ERIK, MAX (pseudonym of Zalmen Merkin ; 1898–1937), Yiddish literary critic and literary historian. Born in Sosnowiec (Poland), Erik was educated privately (among his tutors was Ḥayyim Naḥman *Bialik) and in a traditional ḥeder. He later studied at a Russian-language high school and at a Polish officers' training school from which he graduated as a reserve officer. His uncle was Yitzkhak Peysekzon, a founder of the Jewish Labor Bund. In 1922 he settled in Vilna where he taught Yiddish and Polish literature in Yiddish-language high schools. Erik published his first essays in 1920 on neo-Romanism and Hugo Tsukerman in I.M. Weissenberg's Yudishe Zamelbikher and then contributed studies, essays, and critical articles to various Yiddish periodicals including Ringen, Literarishe Bleter, Bikher Velt, and the Vilner Tog. His first works on Yiddish literature were Konstruktsiye Shtudiyen: tsu der Konstruktsye fun der Goldene Keyt ("Construction Studies: On the Construction of the Golden Chain," 1924), an analysis of the variants of I.L. *Peretz's plays; Vegn Alt-Yidishn Roman un Novele14ter16ter Yorhundert ("On the Old Yiddish Novel – 14th–16th Centuries," 1926); and Di Geshikhte fun der Yidisher Literatur fun di Eltste Tsaytn biz der Haskole Tekufe ("History of Yiddish Literature – from the Beginning to the Haskalah Period," 1928). Erik's work helped found the field of Old Yiddish studies. He also formulated the long-dominant but now disproven theory of Yiddish shpilmener ("troubadours") who composed, or adapted from other languages, the extant Old Yiddish epics. In 1929 Erik settled in the Soviet Union. He lived in Minsk and Kiev and taught Yiddish literature at various Jewish institutions of higher learning.

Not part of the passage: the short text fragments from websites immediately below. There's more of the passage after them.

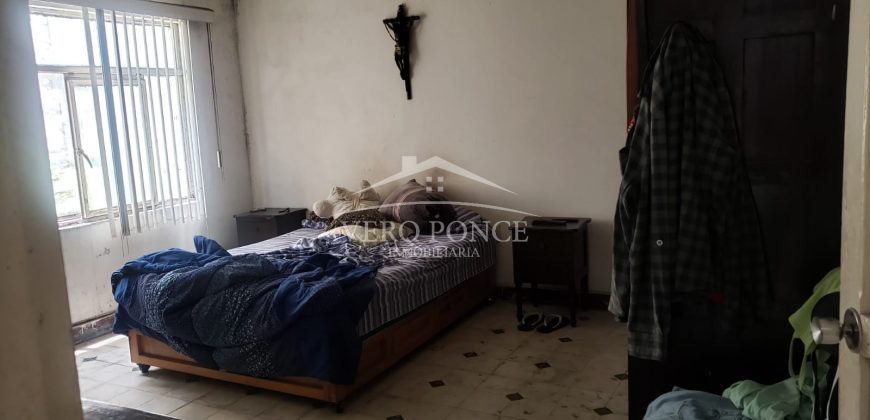 Avenida 15 Calle 2 / Casa en Venta (2201-536)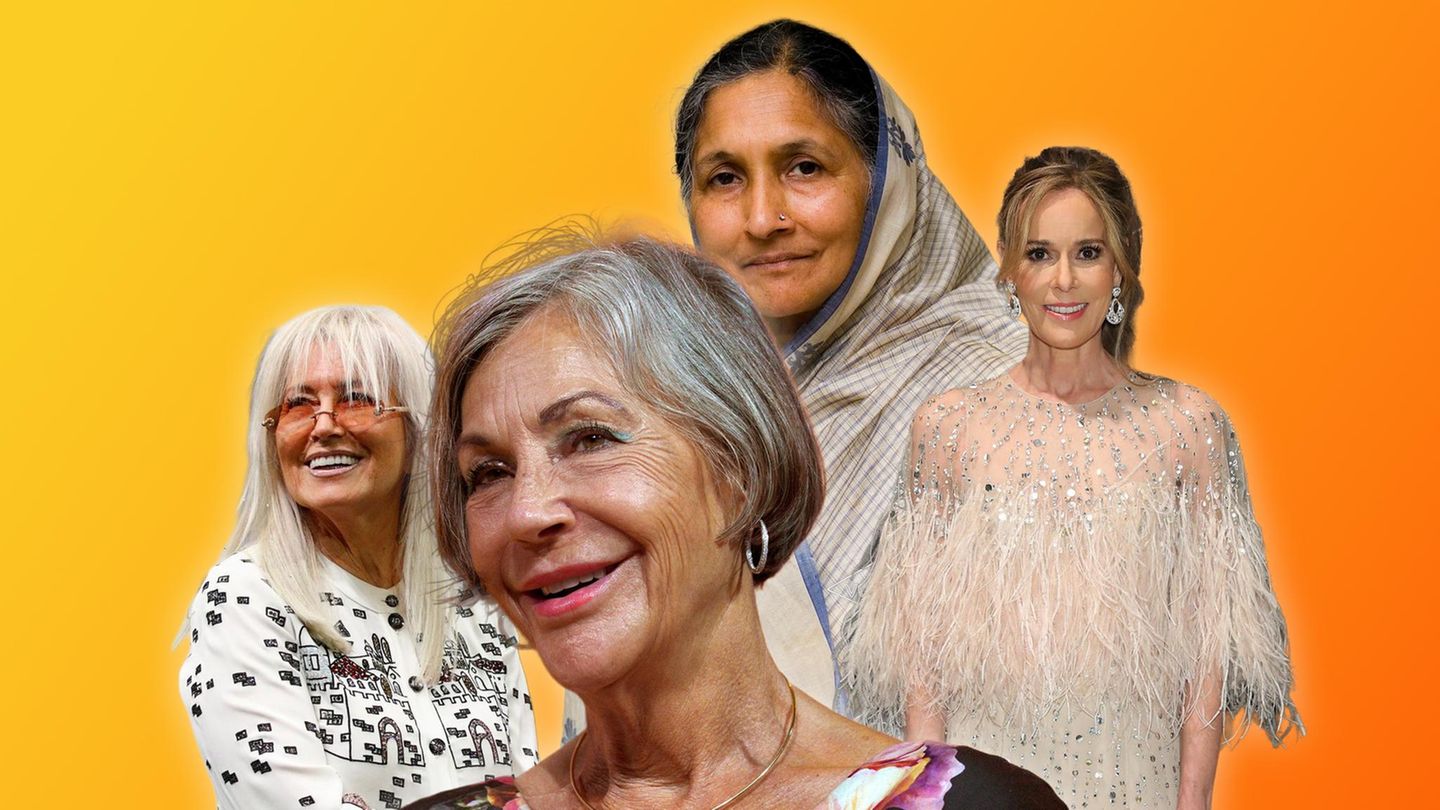 "Forbes"-Ranking: Laut "Forbes" führt diese vermögende Dame die Top 10 an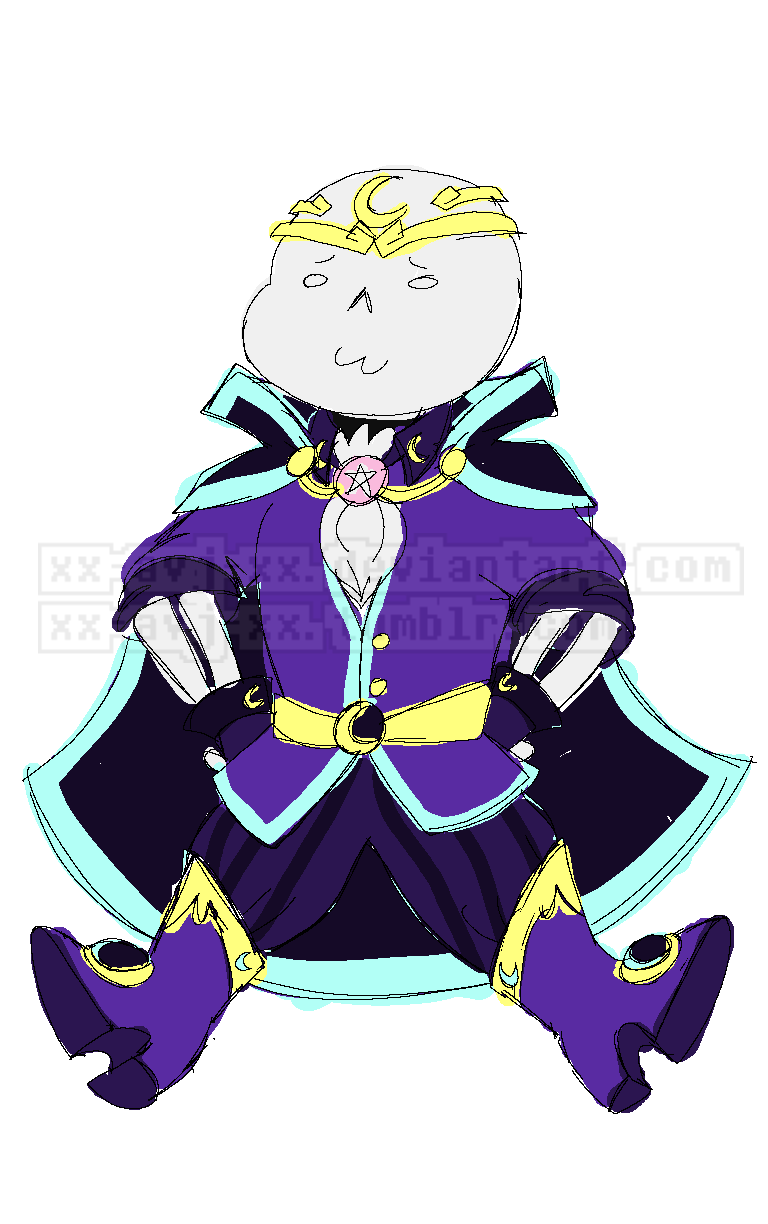 Revolvius' Realm : Dream!Sans and Nightmare!Sans by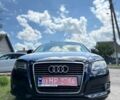 Чорний Ауді А3, об'ємом двигуна 1.8 л та пробігом 229 тис. км за 8900 $, фото 20 на Automoto.ua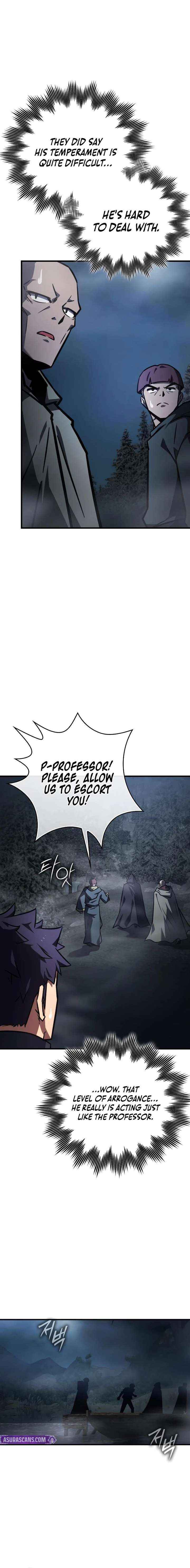 Read Limit-Breaking Genius Mage chapter 56 image 14 on Lezhin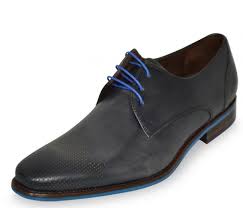 Doch floris van bommel schuhe hat mich positiv überrascht. Floris Van Bommel 18193 Herren Business Schnurschuhe Braun Anthrazit Men Men Zettshop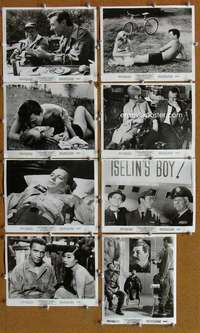 z059 MANCHURIAN CANDIDATE 18 8x10 movie stills '62 Frank Sinatra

Increasingly, his works in this period were written from the official party-line point of view and include a study of Sholem *Asch (1931); Etyudn tsu der Geshikhte fun der Haskole ("Studies in the History of the Haskalah," 1934); and Di Yidishe Literatur in xix Yorhundert, vol. 1, coauthored with A. Rosenzweig ("A History of Yiddish Literature in the 19th century," 1935). He also edited Di Komedies fun der Berliner Ufklerung ("The Comedies of the Berlin Haskalah," 1933) and a selection of the works of Solomon *Ettinger (1935). Upon the liquidation of the Institute for Jewish Proletarian Culture of the Ukrainian Academy of Science in May 1936, Erik was arrested and exiled to the Vietlosian prison camp in Siberia, where he died.

bibliography:

Rejzen, Leksikon, 2 (1927), 815–8; J. Shatzky, in: J. Opatoshu and H. Leivick (eds.), Zamlbikher, 8 (1952), 41–54. add. bibliography: lnyl, 7 (1968), 37–41; A.A. Greenbaum, Jewish Scholarship and Scholarly Institutions in Soviet Russia, 19181953 (1978); C. Shmeruk, in: Studies in Yiddish Literature and Folklore, 7 (1986) 1–36.